Leaving the pictures aside, return all of the data below exactly.

Provided data:

----

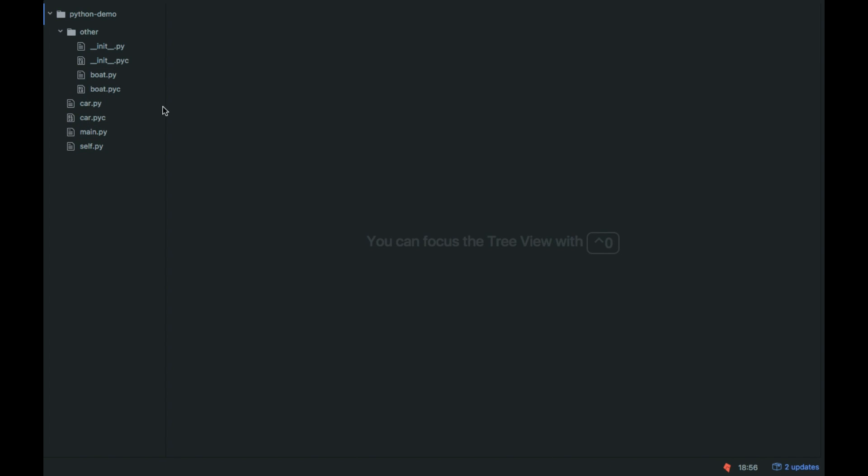So if you have a gitignore or you're using a GitHub repo, include the .pyc in your gitignore. Thanks for watching this video. Sorry about that little mix-up. Please subscribe. Also check out the other videos.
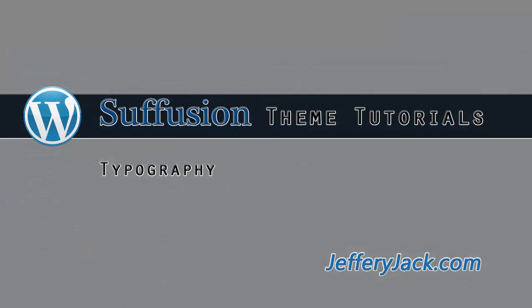In the next video, we will review the typography settings for the Suffusion theme.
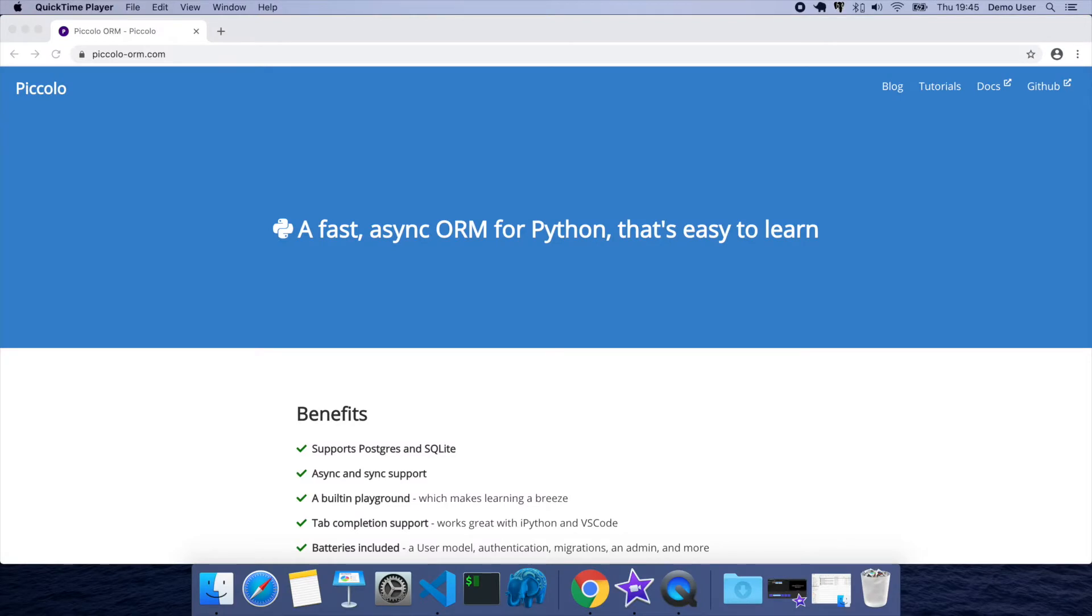In this tutorial we're going to build a task management app using Python and an async ORM called Piccolo, and we're going to try and do it all in 10 minutes.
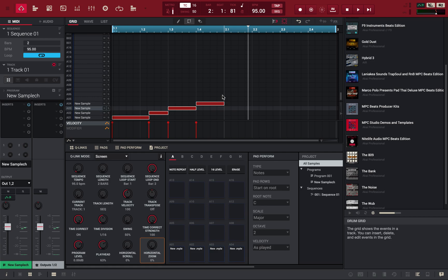I've been using FL Studio for years — since probably when it was called Fruity Loops part 3. I'm using Ableton Live in conjunction with MPC software right now. Let me know what other software you're rocking with in the comments — I'd love to hear it. That's all I have for you, I hope you enjoyed the video on how to sample on the MPC software.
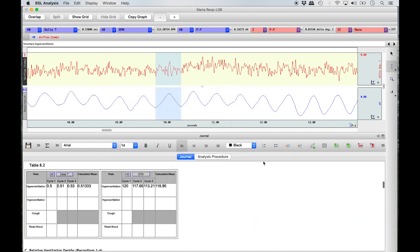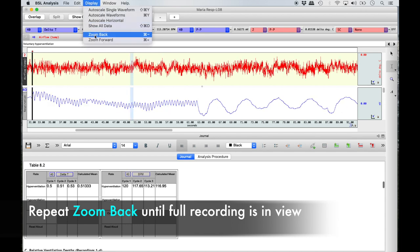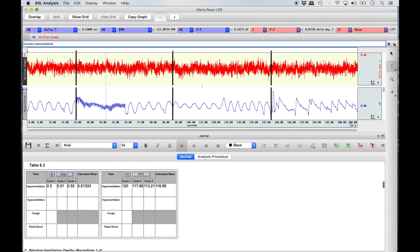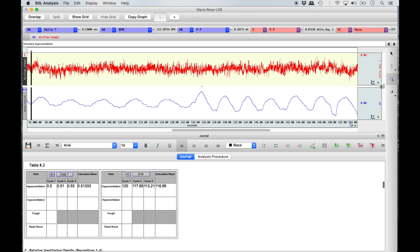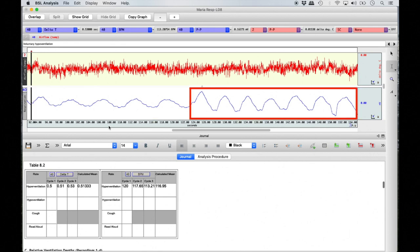Once the hyperventilation rows are complete in Tables 8.2 and 8.3, select Display from the top menu bar and then Zoom Back. Select the next event arrow and ensure that Hypoventilation is listed in the top text box. Using the magnify tool, drag a box over the entire hypoventilation segment and repeat the same steps to complete the appropriate rows in Tables 8.2 and 8.3. Remember that similar to hyperventilation, the first 30 seconds is when the subject was hypoventilating and the last 30 seconds is their return to normal breathing.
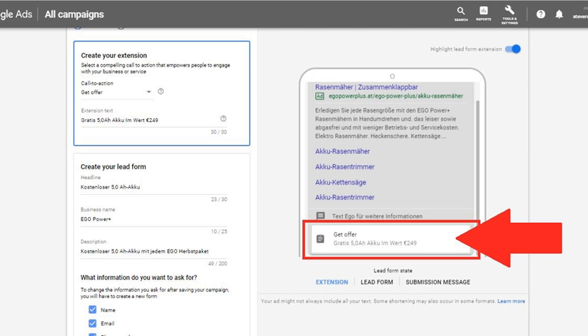We now know more about what makes an ad eligible for lead form extensions, as Google has published an official set of restrictions. The following types of advertisements are not eligible for lead form extensions. All other types of ads should be eligible, as long as they abide by Google's requirements.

----

Solved exercise:
So if you have a gitignore or you're using a GitHub repo, include the .pyc in your gitignore. Thanks for watching this video. Sorry about that little mix-up. Please subscribe. Also check out the other videos.
In the next video, we will review the typography settings for the Suffusion theme.
In this tutorial we're going to build a task management app using Python and an async ORM called Piccolo, and we're going to try and do it all in 10 minutes.
I've been using FL Studio for years — since probably when it was called Fruity Loops part 3. I'm using Ableton Live in conjunction with MPC software right now. Let me know what other software you're rocking with in the comments — I'd love to hear it. That's all I have for you, I hope you enjoyed the video on how to sample on the MPC software.
Once the hyperventilation rows are complete in Tables 8.2 and 8.3, select Display from the top menu bar and then Zoom Back. Select the next event arrow and ensure that Hypoventilation is listed in the top text box. Using the magnify tool, drag a box over the entire hypoventilation segment and repeat the same steps to complete the appropriate rows in Tables 8.2 and 8.3. Remember that similar to hyperventilation, the first 30 seconds is when the subject was hypoventilating and the last 30 seconds is their return to normal breathing.
We now know more about what makes an ad eligible for lead form extensions, as Google has published an official set of restrictions. The following types of advertisements are not eligible for lead form extensions. All other types of ads should be eligible, as long as they abide by Google's requirements.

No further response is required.